Before our annual Volunteer Day at Gault – a half work day when volunteers help us maintain the Gault Archaeological Site – I (Clark) spend a day walking around the site with a clipboard making a list of the things that we need to get done. I did this, as usual at the beginning of April and then, on April 12th, we had a tornado visit the site. It was one of several in Texas that day and turned out to be a high-end F3. It touched down somewhere right around Gault and proceeded down the Buttermilk Creek valley for 13 miles. We were very lucky, none of our structures at the site were damaged and the only thing we had to fix was the electrical line to our barn. BUT we did lose a lot of trees – really big trees were either uprooted or just twisted off. I was out at the site early the next morning, took a look around, and then I ripped up my list of jobs for the volunteers – this year the job was downed trees.
Volunteer Day was on Saturday, May 7th and we lucked out with some overcast for much of the morning masking the hot Texas sun. This was our largest turnout ever with more than 100 people showing up with pickup trucks, chainsaws, buck saws and loppers. They did an incredible job of taking apart the trees that lay on our fences and tour paths and built up some truly large burn piles. After some hot sweaty work (I’m thinking of billing Volunteer Day as a weight loss program!) we fed everyone some fantastic BBQ from the Texas Twisted Skillet in Florence and sent them home to recover. We HUGELY appreciate all those who helped make our recovery a fairly painless process – Our thanks to all of you!!

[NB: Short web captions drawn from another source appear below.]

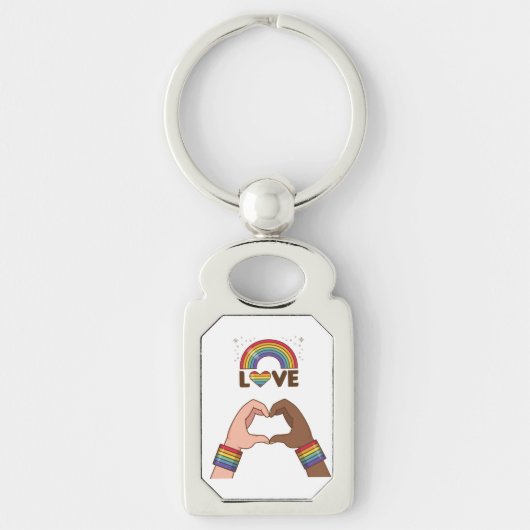 LGBT+Pride. Liefde regenboog. Hart. Sleutelhanger (Voorkant)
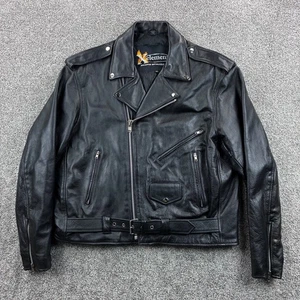 Xelement Motorrad Biker Jacke Herren 50 XL schwarz Leder Jesus Patch - Bild 1 von 8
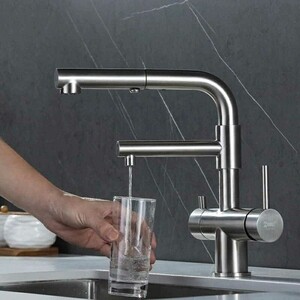 Смеситель для кухни ZorG Inox с подключением фильтра, нержавеющая сталь (SZR-3216)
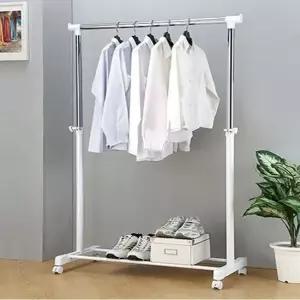 고급형 화이트 이동식 행거1단 조립식 파이프 행거 이동식행거 고정행거 생활 잡화 다용도행거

I first came to Gault in 1999 as an escape from other archaeological paperwork and because Mike let me excavate. It quickly became apparent that this was a very special place – not just the amazing archaeology but the team of people Dr. Michael Collins had gathered to investigate it. I stayed for over 23 years – excavating, analyzing, writing and curating the Gault materials – and helping to set up the Gault School of Archaeological Research to continue the dream of research and education that Mike and I had. I owe a great deal to Mike Collins and I have learned a tremendous amount from him. The time has come to pass the baton to someone else and I will be leaving the GSAR at the end of the summer and Sergio Ayala will be taking over the reigns of the nonprofit as interim Executive Director. I have a lot of work to catch up on so I’m sure everyone interested will see me fairly often.